# Task item:
Output exactly the lines of the listing below that run from the line with "Can Opener! 🍽️" through the line with "Silver 925 Sterling Enamel Authentic Bracelet". No pictures.

# Supplied information:
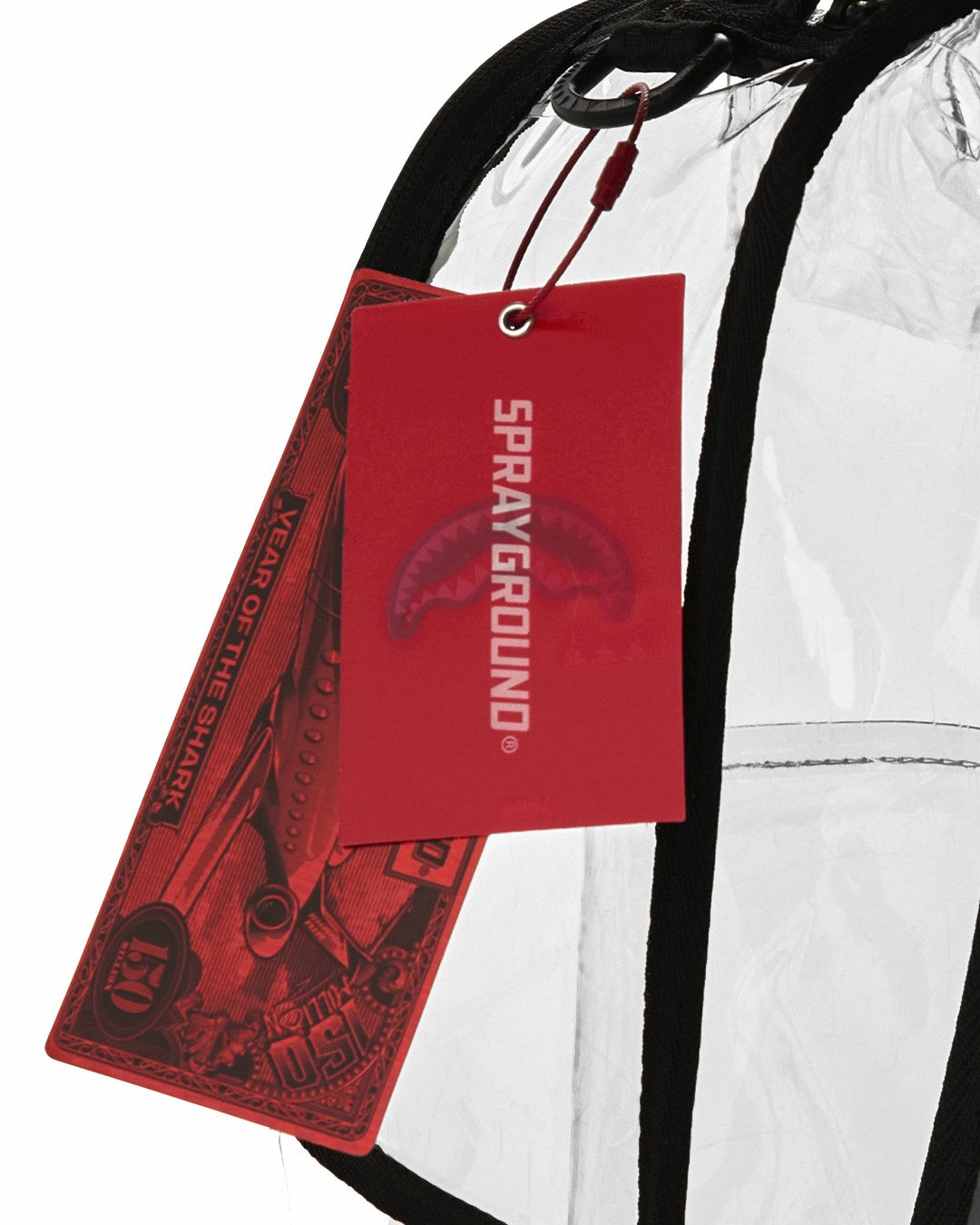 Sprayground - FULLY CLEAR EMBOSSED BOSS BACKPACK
* * *
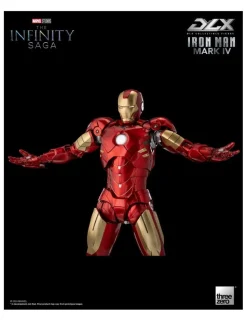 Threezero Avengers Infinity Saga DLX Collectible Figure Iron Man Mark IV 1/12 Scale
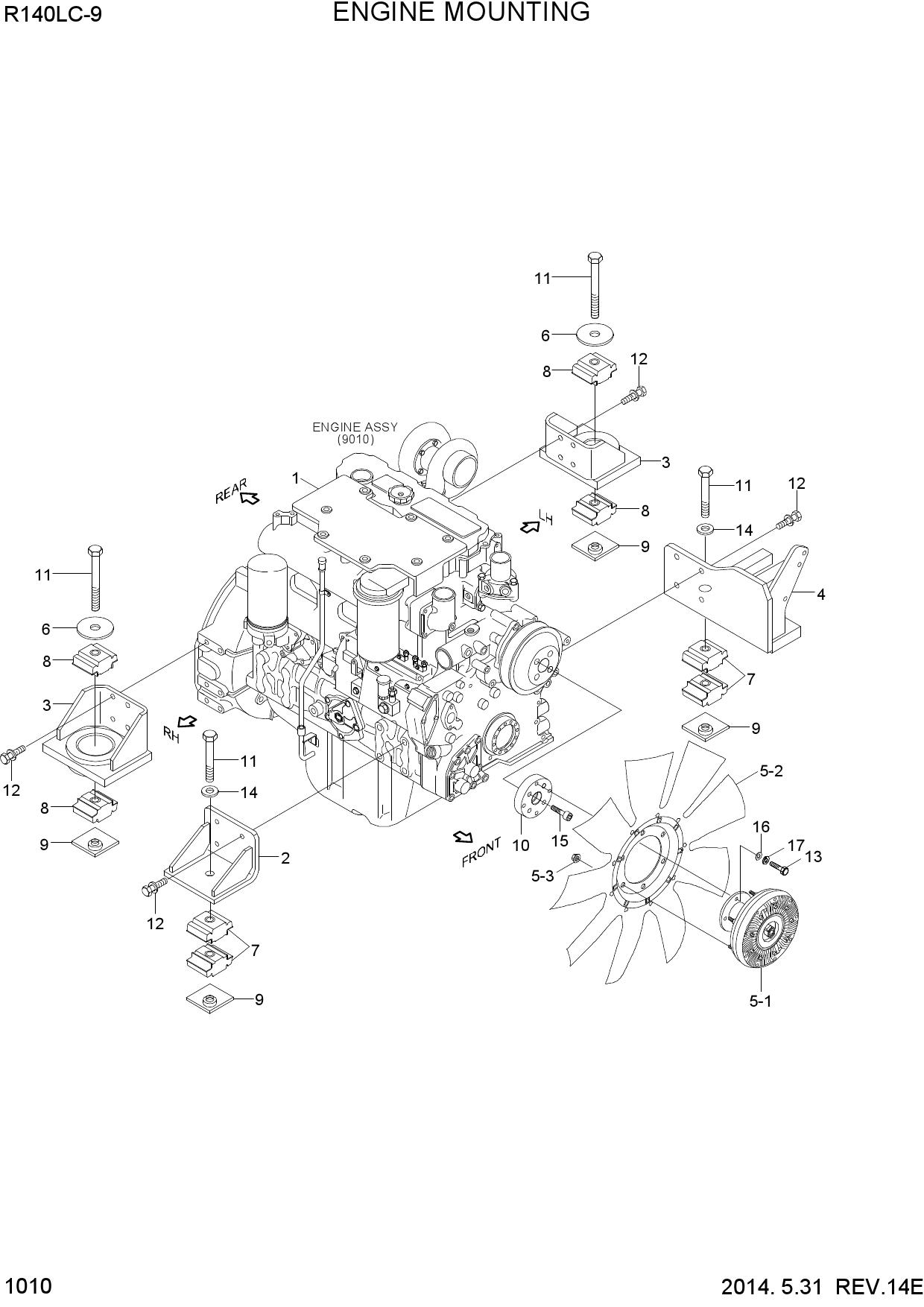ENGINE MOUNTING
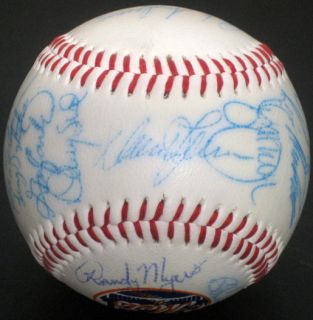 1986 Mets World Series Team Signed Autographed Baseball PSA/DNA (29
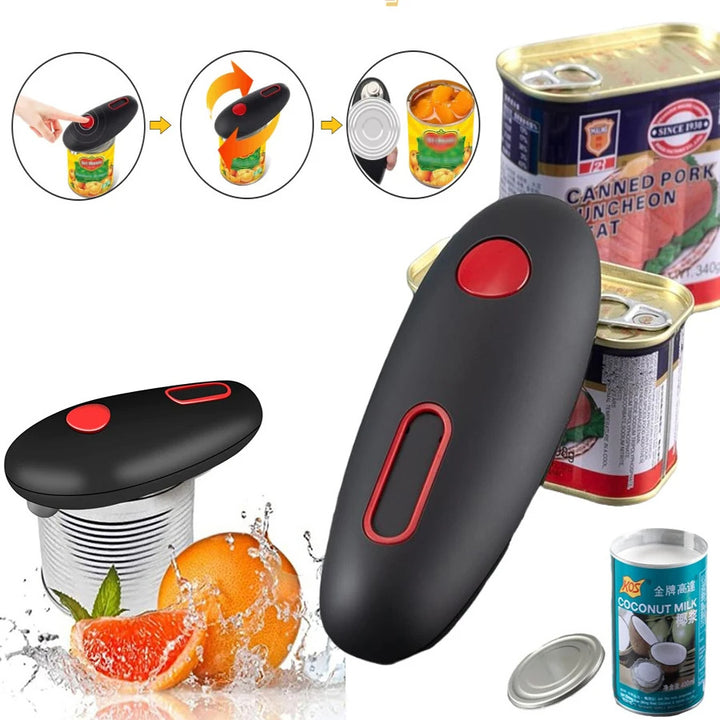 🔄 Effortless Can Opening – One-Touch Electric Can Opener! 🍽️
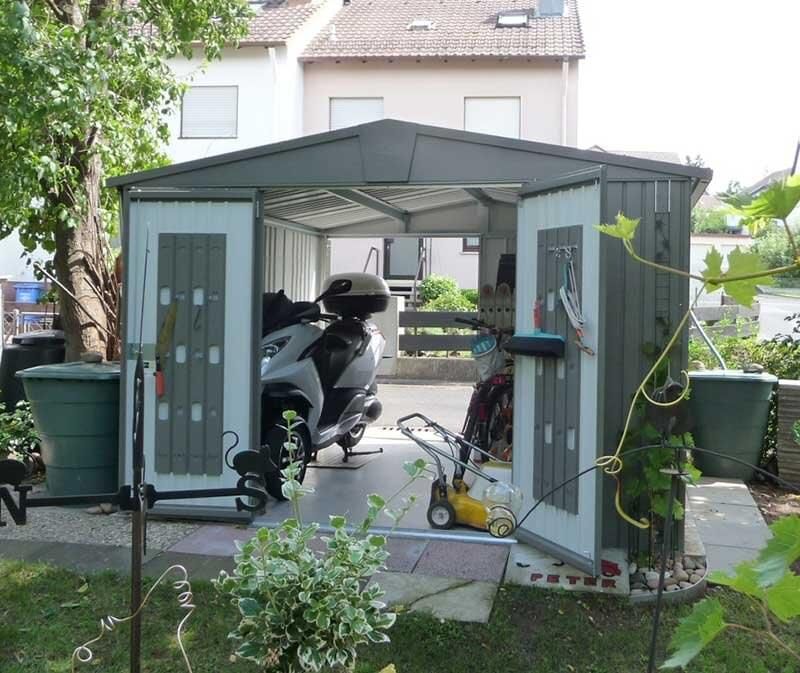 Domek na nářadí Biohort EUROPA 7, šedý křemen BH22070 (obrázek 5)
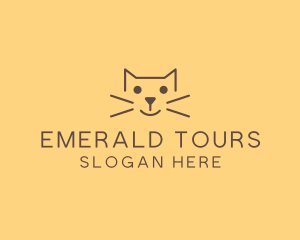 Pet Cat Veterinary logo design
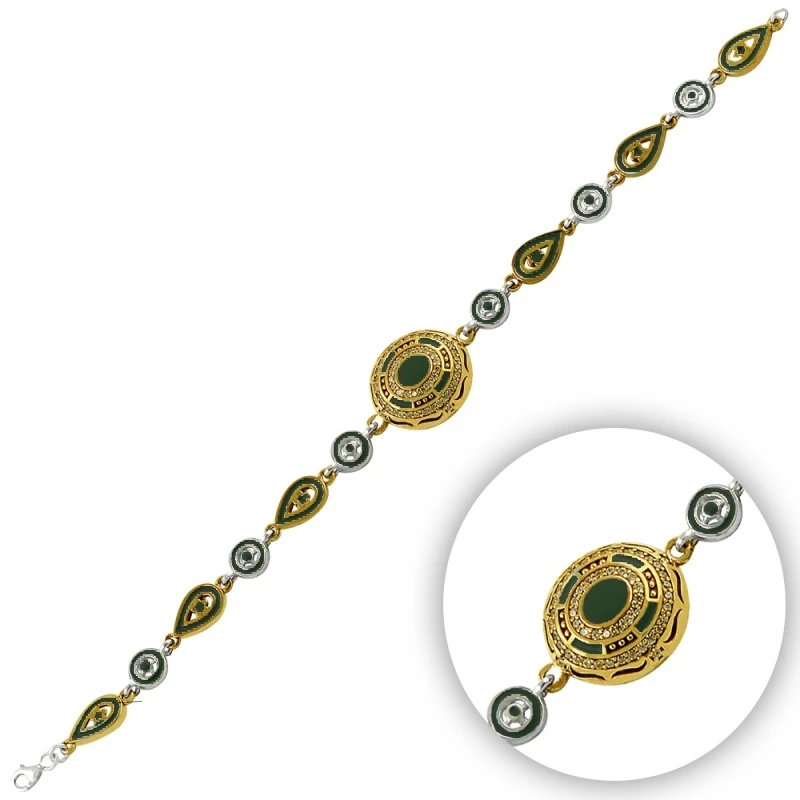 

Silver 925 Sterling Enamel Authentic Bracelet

# Problem solution:
 🔄 Effortless Can Opening – One-Touch Electric Can Opener! 🍽️
 Domek na nářadí Biohort EUROPA 7, šedý křemen BH22070 (obrázek 5)
 Pet Cat Veterinary logo design

Silver 925 Sterling Enamel Authentic Bracelet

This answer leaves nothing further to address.